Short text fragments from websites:
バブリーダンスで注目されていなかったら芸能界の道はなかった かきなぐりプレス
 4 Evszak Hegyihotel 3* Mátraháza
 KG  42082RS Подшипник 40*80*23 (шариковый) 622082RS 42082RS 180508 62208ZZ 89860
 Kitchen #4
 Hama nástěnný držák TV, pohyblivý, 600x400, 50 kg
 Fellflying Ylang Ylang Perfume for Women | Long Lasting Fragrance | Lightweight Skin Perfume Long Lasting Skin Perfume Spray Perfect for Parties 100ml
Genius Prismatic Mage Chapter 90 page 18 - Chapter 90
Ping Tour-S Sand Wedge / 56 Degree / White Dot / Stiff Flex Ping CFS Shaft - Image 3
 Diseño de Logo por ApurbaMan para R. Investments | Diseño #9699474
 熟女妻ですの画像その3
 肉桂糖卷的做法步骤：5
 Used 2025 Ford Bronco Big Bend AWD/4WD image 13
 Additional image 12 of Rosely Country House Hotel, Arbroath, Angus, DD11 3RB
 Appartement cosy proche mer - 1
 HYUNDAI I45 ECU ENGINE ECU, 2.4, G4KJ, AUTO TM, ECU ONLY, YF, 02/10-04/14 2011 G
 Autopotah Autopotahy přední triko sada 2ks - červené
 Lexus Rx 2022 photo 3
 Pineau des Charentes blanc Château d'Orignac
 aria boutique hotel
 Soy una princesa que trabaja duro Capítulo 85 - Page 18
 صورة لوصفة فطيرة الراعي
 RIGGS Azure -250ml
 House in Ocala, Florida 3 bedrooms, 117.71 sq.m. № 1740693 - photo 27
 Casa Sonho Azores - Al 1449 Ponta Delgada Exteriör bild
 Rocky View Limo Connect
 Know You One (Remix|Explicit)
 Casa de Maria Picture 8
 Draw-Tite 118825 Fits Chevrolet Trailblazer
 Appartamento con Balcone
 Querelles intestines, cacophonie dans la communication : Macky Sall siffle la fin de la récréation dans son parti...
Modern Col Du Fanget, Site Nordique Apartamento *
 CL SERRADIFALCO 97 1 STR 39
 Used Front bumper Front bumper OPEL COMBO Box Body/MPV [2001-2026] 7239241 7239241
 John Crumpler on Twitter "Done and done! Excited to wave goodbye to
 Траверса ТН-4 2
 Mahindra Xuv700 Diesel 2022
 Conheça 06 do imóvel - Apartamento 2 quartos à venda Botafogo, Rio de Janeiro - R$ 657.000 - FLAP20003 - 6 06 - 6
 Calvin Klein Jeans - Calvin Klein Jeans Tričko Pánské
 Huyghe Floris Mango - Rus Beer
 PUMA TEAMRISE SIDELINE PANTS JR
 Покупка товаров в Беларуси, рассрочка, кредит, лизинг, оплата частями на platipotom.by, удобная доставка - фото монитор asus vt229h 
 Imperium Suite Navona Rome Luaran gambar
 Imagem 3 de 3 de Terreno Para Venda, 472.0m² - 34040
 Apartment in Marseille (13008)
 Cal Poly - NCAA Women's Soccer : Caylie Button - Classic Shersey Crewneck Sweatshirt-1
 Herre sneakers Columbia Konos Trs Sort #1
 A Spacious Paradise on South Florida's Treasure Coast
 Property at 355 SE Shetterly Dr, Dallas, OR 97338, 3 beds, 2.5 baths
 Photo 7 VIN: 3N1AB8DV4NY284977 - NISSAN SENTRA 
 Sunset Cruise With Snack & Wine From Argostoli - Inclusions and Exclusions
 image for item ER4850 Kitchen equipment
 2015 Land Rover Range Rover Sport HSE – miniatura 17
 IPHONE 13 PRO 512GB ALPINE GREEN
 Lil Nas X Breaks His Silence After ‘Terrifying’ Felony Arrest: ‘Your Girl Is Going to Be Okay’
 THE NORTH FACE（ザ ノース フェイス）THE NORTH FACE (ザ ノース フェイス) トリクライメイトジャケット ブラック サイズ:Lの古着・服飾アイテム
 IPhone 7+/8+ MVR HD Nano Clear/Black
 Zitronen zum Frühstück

Exercise objective:
All lines above from the line with "CL SERRADIFALCO 97 1 STR 39" through the line with "Mahindra Xuv700 Diesel 2022", both included, are to be set down exactly, with nothing else.

Solution to the problem:
 CL SERRADIFALCO 97 1 STR 39
 Used Front bumper Front bumper OPEL COMBO Box Body/MPV [2001-2026] 7239241 7239241
 John Crumpler on Twitter "Done and done! Excited to wave goodbye to
 Траверса ТН-4 2
 Mahindra Xuv700 Diesel 2022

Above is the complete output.